- **INFORMATION**
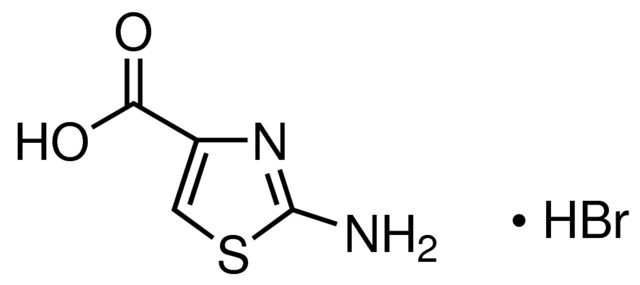 2-氨基-噻唑-4-甲酸氢溴酸盐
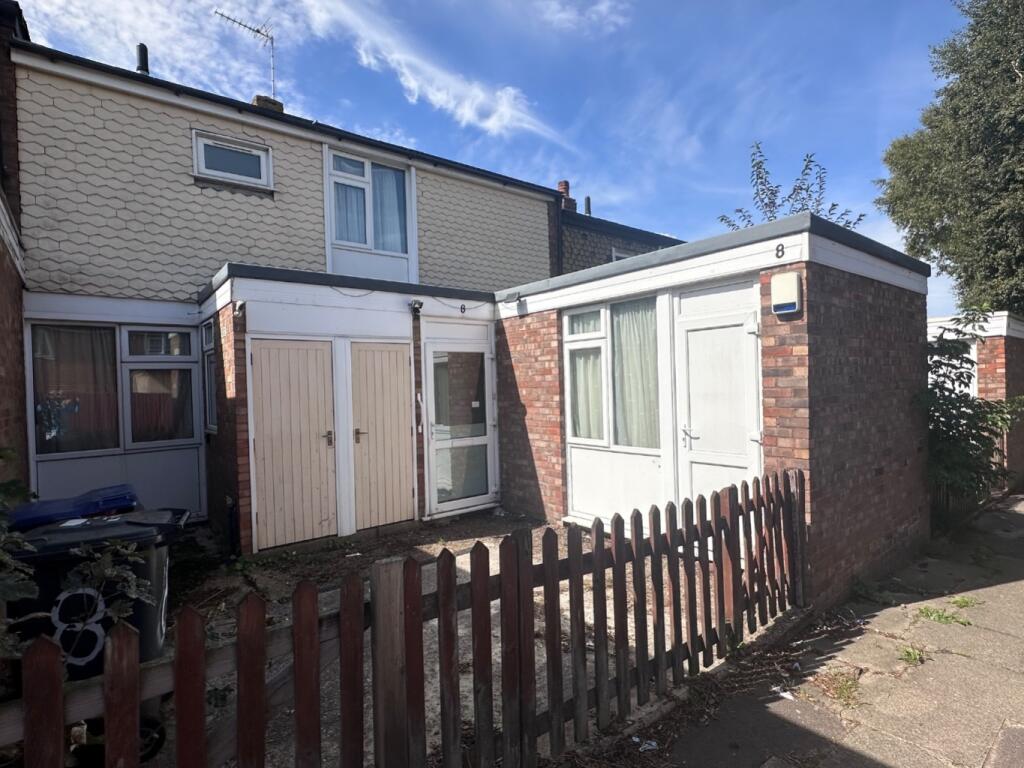 Main image of property: Alfred Close, Canterbury, Kent, CT1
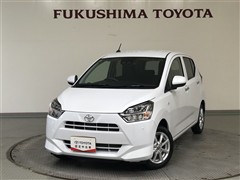 トヨタ ピクシスエポック G SA3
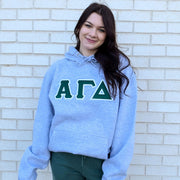 Sorority Merch Sorority Hoodie Christmas Gifts For Best Friends - Thriftgiftshop
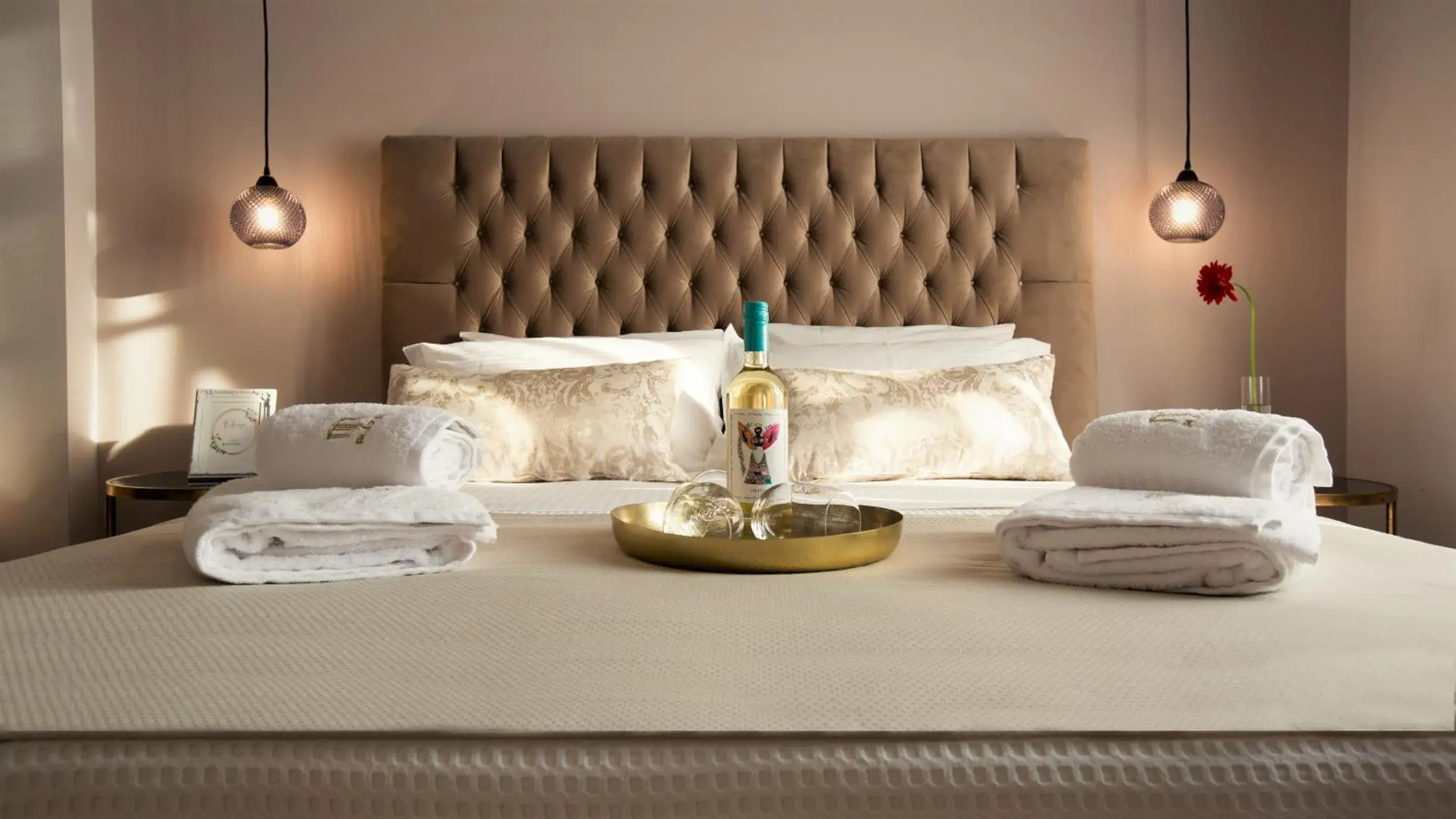 Plaza 1866 Superior City Rooms Plaza 1866 Superior City Rooms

- **TASK BRIEF**
When you transcribe these entries, keep every word exact and drop the pictures.

- **SOLUTION BELOW**
 2-氨基-噻唑-4-甲酸氢溴酸盐
 Main image of property: Alfred Close, Canterbury, Kent, CT1
 トヨタ ピクシスエポック G SA3
 Sorority Merch Sorority Hoodie Christmas Gifts For Best Friends - Thriftgiftshop
 Plaza 1866 Superior City Rooms Plaza 1866 Superior City Rooms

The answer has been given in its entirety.